Barbara Ringer: Beyond the © — Tuesday marked the anniversary of the appointment of Barbara Ringer as the first female US Register of Copyrights. The Copyright Office notes the occasion with some anecdotes about the remarkable Ringer.
2 Copyright Profs’ SCOTUS Wishlists for ‘Oracle v. Google’ — Last Friday, the Supreme Court granted cert in Oracle v. Google, a blockbuster of a copyright case that will be closely watched. Read reactions from professors Peter Menell and Sandra Aistars.
Site blocking orders come to Canada: GoldTV.biz — Canadian attorney Barry Sookman analyzes the recent decision in Bell Media v GoldTV.biz, which is “the first Canadian site blocking order against sites that predominantly facilitate copyright infringement.” As Sookman notes, with this decision “Canada now joins the many countries around the world which use judicial and/or administrative site blocking against sites that predominantly facilitate copyright infringement.”

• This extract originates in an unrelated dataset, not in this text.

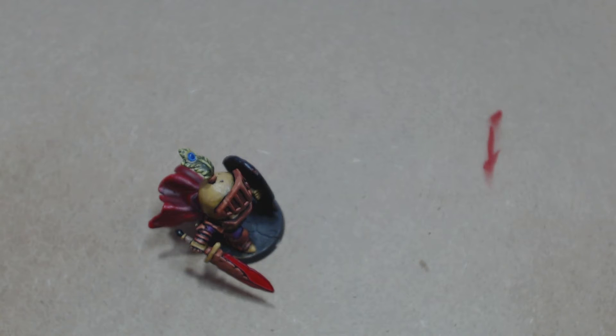Hi guys! Thanks for joining me Dizzy Angel Demon for part 8 of my miniature painting Dread Knight series, where I paint the crystal embellishments on Little Mr. Dread.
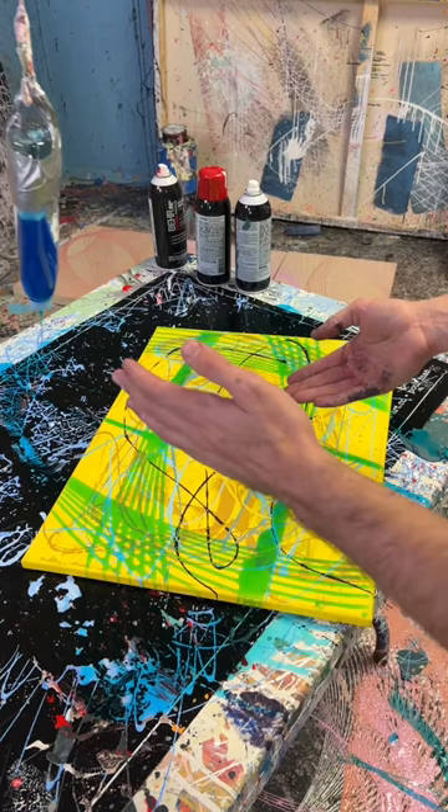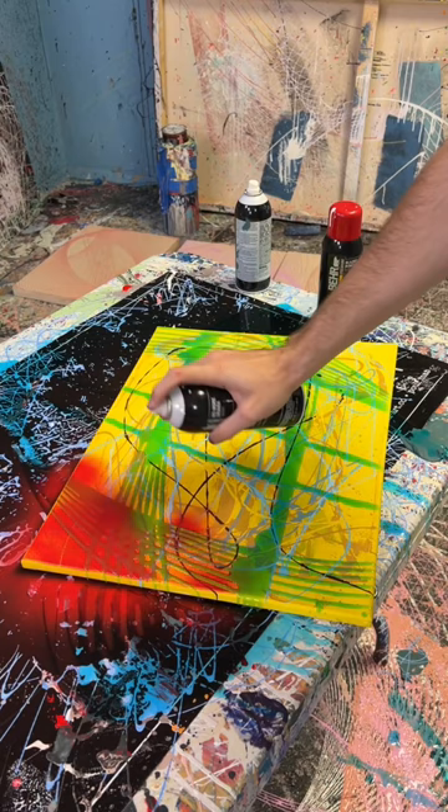I'm going to spray paint it now. I'm covering the whole thing in red. Let's go rinse it off.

Cox Knew About Pirating Subscribers, Court Concludes — Torrentfreak reports, “Internet provider Cox Communications can’t argue that it had ‘no knowledge’ of the hundreds of thousands of piracy notices it received, a Virginia federal court ruled. The ruling is important for the upcoming trial between the Internet provider and dozens of music companies, as “knowledge” is a critical element of the rightsholders’ liability claim.”
Redbox Agrees to Never Again Sell Disney’s Movie Download Codes — The two year lawsuit, which began after the purveyor of DVD rentals began selling the digital download codes offered in DVD combo packs, has settled.
MLC, Digital Services Strike Deal to Fund Music Modernization Act-Mandated Database — The MLC, which must begin offering and administering blanket licenses under Section 115 of the Copyright Act, would get $33.5m in startup costs and $28.5m in annual operating costs from the digital music services if the settlement is approved by the Copyright Royalty Judges.
Google News Shutdown in Spain Was Not as Bad as Google Would Have You Believe — From the News Media Alliance: “For years, critics have attempted to make the case for why the EU should not adopt a similar law, arguing that the Spanish law and resulting Google News closure were disastrous for Spanish news publishers, with some publishers experiencing double-digit drops in web traffic… What we found was that much of the data contradict the narrative pushed by Google and other opponents of the Publishers’ Right.”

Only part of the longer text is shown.